StPO 168 Abs. 1 lit. a
Sachverhalt
Ein Mann, der sich als erfolgreicher Chirurg ausgab, war mit mehreren Frauen gleichzeitig liiert und motivierte diese, ihm grössere Beträge auszuhändigen oder auf sein Konto zu überweisen. Er baute zu diesen Frauen ein Vertrauensverhältnis auf und erwirkte so relativ regelmässige Einkünfte, die er für seinen persönlichen Unterhalt verwendete.

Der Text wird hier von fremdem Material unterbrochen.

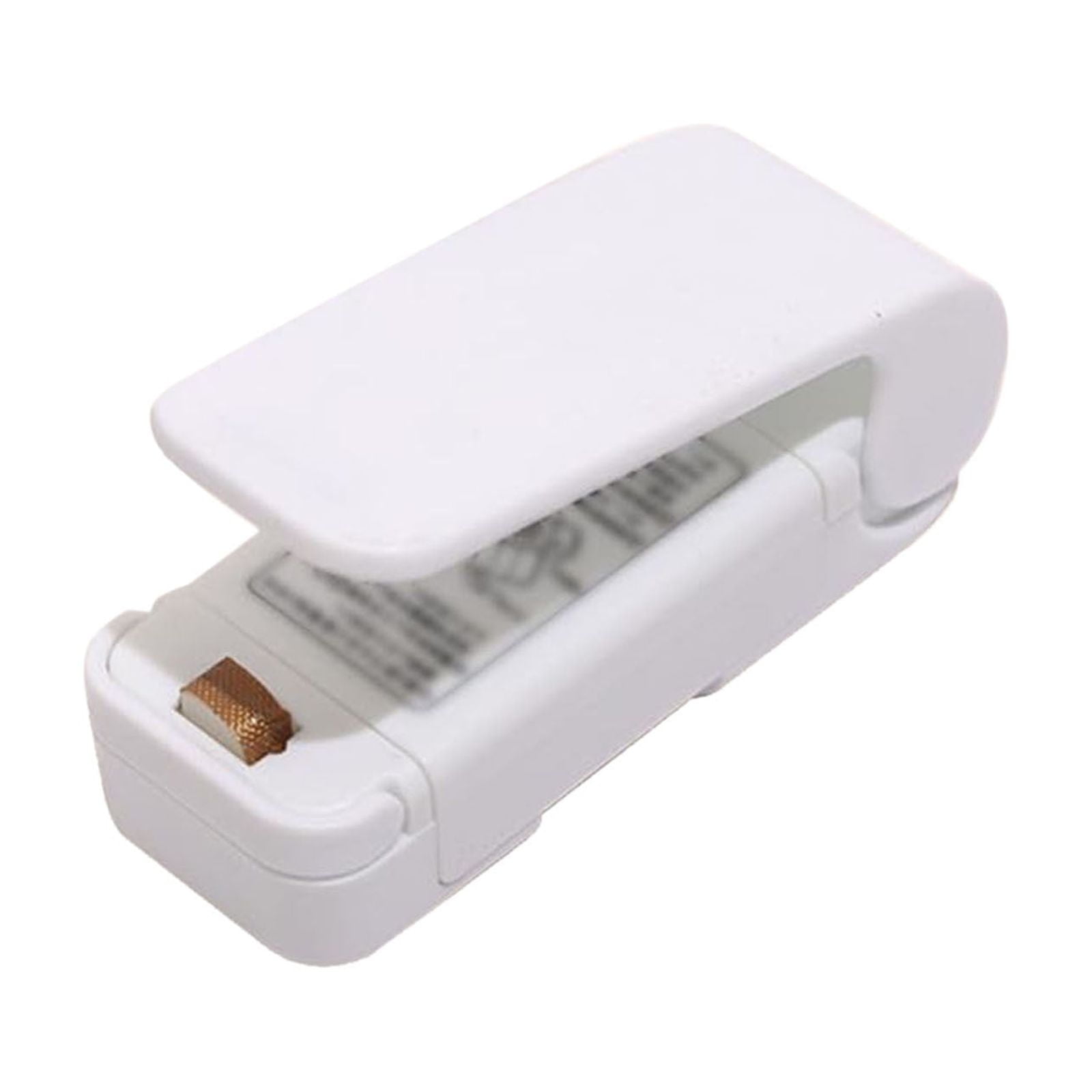 Vertical Freezer Storage Vacuum Sealers Unlimited Bags Wig Knot Sealer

In einem der Strafverfahren machte der Mann geltend, die polizeiliche Befragung des Opfers B.________ vom 16.12.2015 sei nicht verwertbar, weil sie nicht auf ihr Aussageverweigerungsrecht als Zeugin gemäss StPO 168 Abs. 1 lit. a hingewiesen worden sei, obwohl sie im Zeitpunkt der Befragung in einer faktischen Lebensgemeinschaft mit ihm gelebt habe. Ihre Aussagen bei der Polizei seien gemäss StPO 177 Abs. 3 nicht verwertbar.
Erwägungen
Nach StPO 168 Abs. 1 lit. a kann eine Person, die mit einem Beschuldigten eine faktische Lebensgemeinschaft führt, das Zeugnis grundsätzlich verweigern:
- Um sich darauf berufen zu können, muss die Lebensgemeinschaft aber zum Zeitpunkt der Zeugeneinvernahme bestehen.
Da der Mann selber erklärte, sie seien ein Paar auf Wohnungssuche gewesen, war eine hinreichend lange dauernde Gemeinschaft nicht gegeben. Auch in Anbetracht der eingangs erwähnten gesamten Umstände war das Bestehen einer faktischen Lebensgemeinschaft zu verneinen:
- ________ konnte sich nicht auf das Zeugnisverweigerungsrecht gemäss StPO 168 Abs. 1 lit. a berufen, weshalb sie nicht darauf hingewiesen werden musste
Die Aussagen von B.________ anlässlich der polizeilichen Befragung vom 16.12.2015 waren folglich verwertbar.
Hinsichtlich weiterer Schutzbehauptungen und Beschwerdebegründungen des Mannes wird auf das Bundesgerichtsurteil verwiesen.
Entscheid
Die Beschwerde war abzuweisen, soweit darauf eingetreten werden konnte.